═════ Records to use

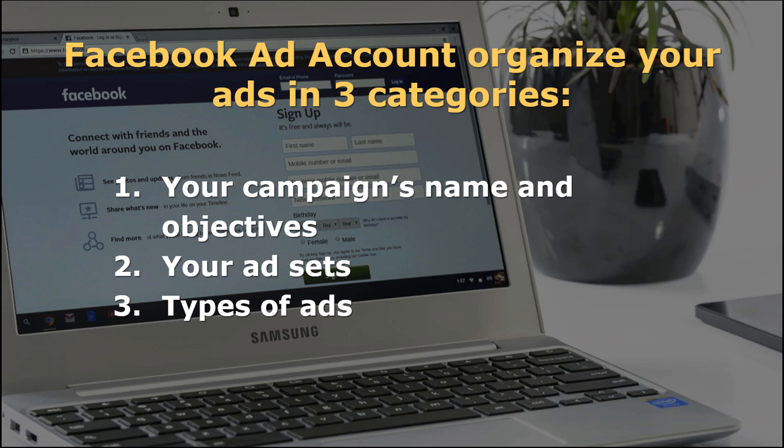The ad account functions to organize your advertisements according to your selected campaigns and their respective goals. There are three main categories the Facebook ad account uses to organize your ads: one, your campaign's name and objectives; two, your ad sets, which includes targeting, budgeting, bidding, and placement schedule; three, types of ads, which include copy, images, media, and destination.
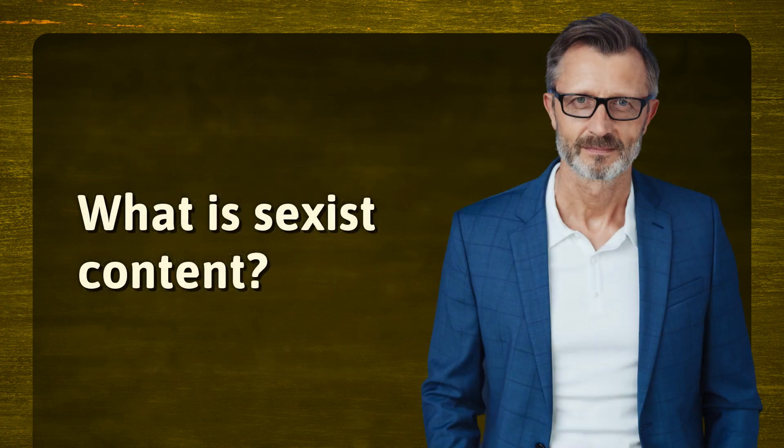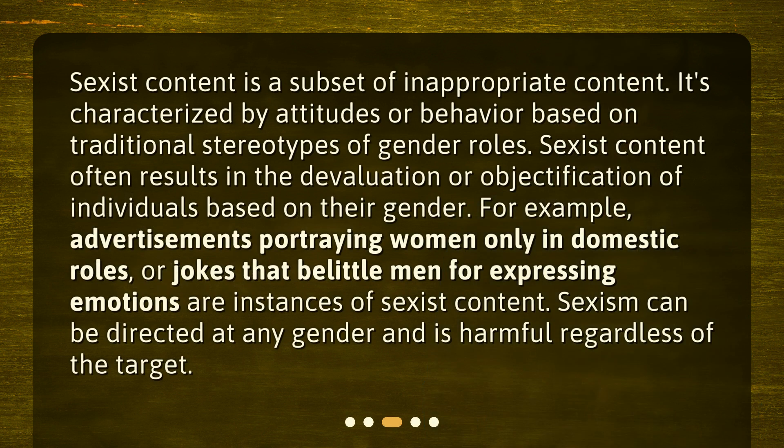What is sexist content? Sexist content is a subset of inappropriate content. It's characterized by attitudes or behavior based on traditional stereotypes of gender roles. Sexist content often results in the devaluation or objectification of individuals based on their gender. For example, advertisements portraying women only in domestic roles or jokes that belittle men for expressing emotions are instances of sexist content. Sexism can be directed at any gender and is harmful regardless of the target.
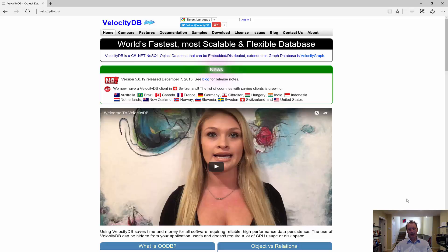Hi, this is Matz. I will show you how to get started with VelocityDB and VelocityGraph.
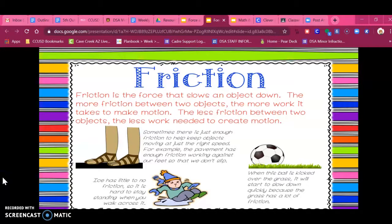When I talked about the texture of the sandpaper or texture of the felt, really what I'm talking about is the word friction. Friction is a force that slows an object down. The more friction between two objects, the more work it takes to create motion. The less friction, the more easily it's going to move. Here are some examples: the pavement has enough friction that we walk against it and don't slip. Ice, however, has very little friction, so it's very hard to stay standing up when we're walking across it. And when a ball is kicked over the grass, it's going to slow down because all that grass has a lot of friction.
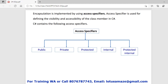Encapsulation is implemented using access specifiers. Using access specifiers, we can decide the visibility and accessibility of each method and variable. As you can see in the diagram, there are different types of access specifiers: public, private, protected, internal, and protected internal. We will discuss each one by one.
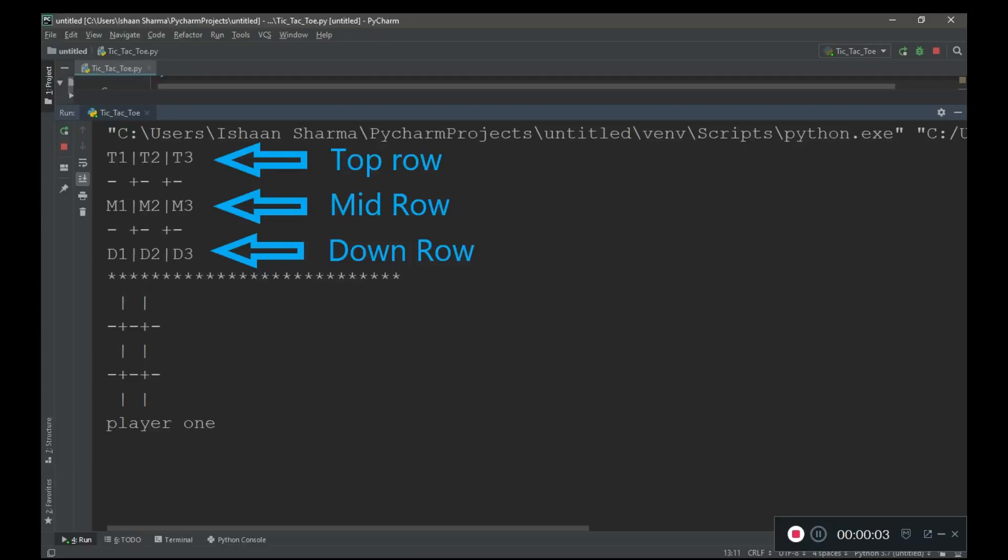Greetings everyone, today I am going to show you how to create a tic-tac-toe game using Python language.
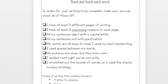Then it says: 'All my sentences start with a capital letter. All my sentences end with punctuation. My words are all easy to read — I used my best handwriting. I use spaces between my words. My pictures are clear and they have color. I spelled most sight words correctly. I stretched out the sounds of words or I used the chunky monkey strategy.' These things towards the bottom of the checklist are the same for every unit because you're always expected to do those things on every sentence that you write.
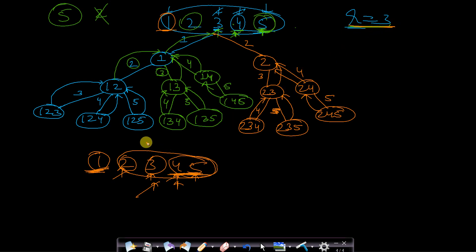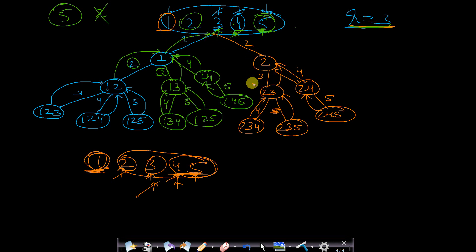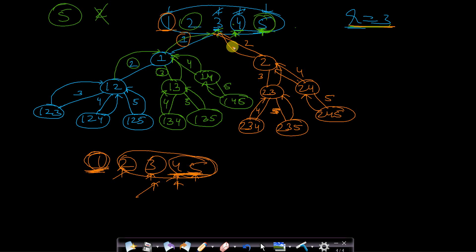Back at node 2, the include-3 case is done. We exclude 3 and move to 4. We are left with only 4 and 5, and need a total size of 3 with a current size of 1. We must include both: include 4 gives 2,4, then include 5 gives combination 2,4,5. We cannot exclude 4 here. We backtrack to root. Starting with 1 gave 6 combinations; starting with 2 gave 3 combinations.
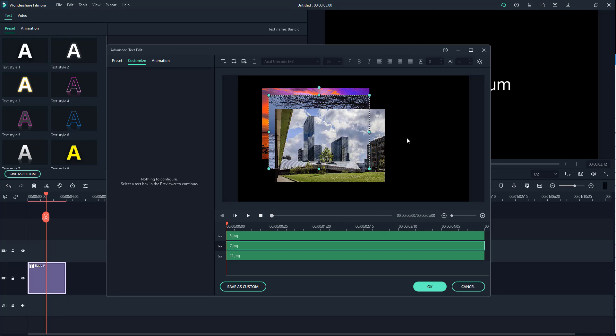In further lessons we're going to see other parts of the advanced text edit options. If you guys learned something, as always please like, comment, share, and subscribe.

══════════
═════ Records to use

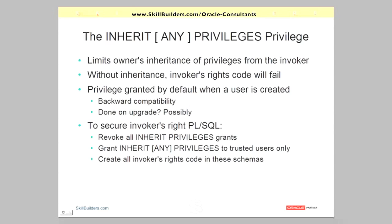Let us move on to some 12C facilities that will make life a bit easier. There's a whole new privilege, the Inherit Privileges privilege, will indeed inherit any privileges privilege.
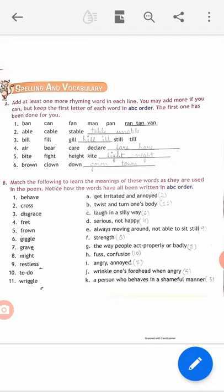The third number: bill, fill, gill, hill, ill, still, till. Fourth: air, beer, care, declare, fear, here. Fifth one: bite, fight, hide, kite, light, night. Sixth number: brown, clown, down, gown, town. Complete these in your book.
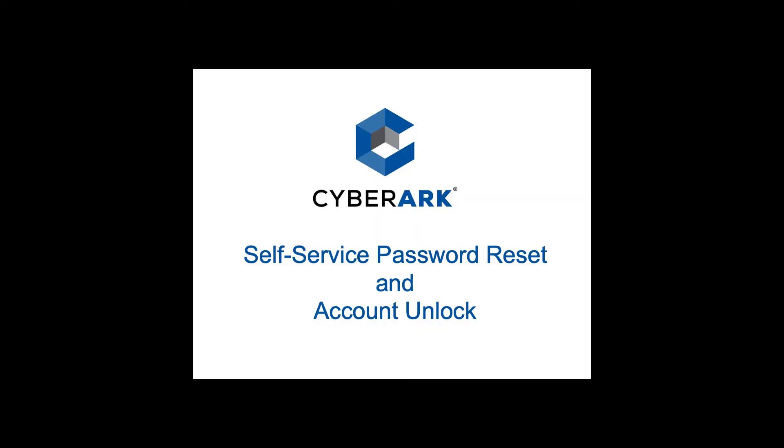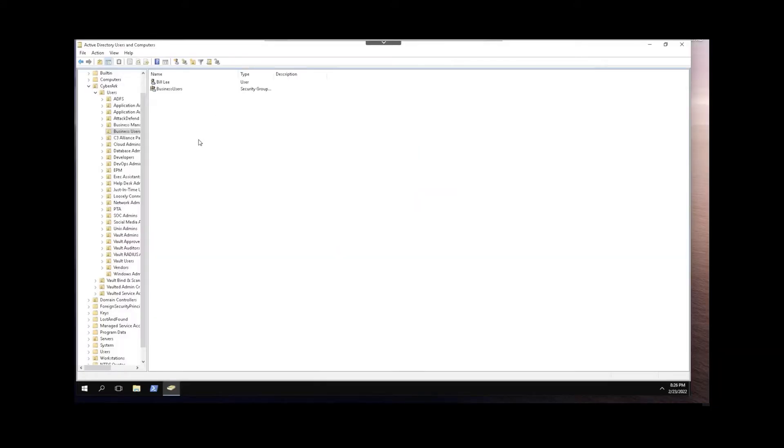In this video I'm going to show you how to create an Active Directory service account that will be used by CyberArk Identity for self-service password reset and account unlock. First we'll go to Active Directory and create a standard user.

══════════
═════ Records to use

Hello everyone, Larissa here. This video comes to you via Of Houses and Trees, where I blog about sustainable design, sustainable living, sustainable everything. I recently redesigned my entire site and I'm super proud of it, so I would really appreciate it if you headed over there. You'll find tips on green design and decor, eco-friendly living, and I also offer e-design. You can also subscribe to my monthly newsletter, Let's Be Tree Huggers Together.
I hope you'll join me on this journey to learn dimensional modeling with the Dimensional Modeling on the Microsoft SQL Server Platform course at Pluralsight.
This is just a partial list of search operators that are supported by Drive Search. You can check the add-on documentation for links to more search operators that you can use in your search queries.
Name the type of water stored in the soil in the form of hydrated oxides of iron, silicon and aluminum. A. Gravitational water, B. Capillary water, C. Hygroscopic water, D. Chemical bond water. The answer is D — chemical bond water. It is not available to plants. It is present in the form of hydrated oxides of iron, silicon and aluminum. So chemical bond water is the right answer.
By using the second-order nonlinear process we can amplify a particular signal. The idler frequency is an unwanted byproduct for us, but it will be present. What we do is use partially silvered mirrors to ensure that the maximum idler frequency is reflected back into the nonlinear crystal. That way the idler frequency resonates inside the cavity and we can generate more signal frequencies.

══════════

Only the lines above from the one containing "What is sexist" through the one containing "Hi, this is" should be returned, verbatim and inclusive, with pictures excluded.

Your solution
What is sexist content? Sexist content is a subset of inappropriate content. It's characterized by attitudes or behavior based on traditional stereotypes of gender roles. Sexist content often results in the devaluation or objectification of individuals based on their gender. For example, advertisements portraying women only in domestic roles or jokes that belittle men for expressing emotions are instances of sexist content. Sexism can be directed at any gender and is harmful regardless of the target.
Hi, this is Matz. I will show you how to get started with VelocityDB and VelocityGraph.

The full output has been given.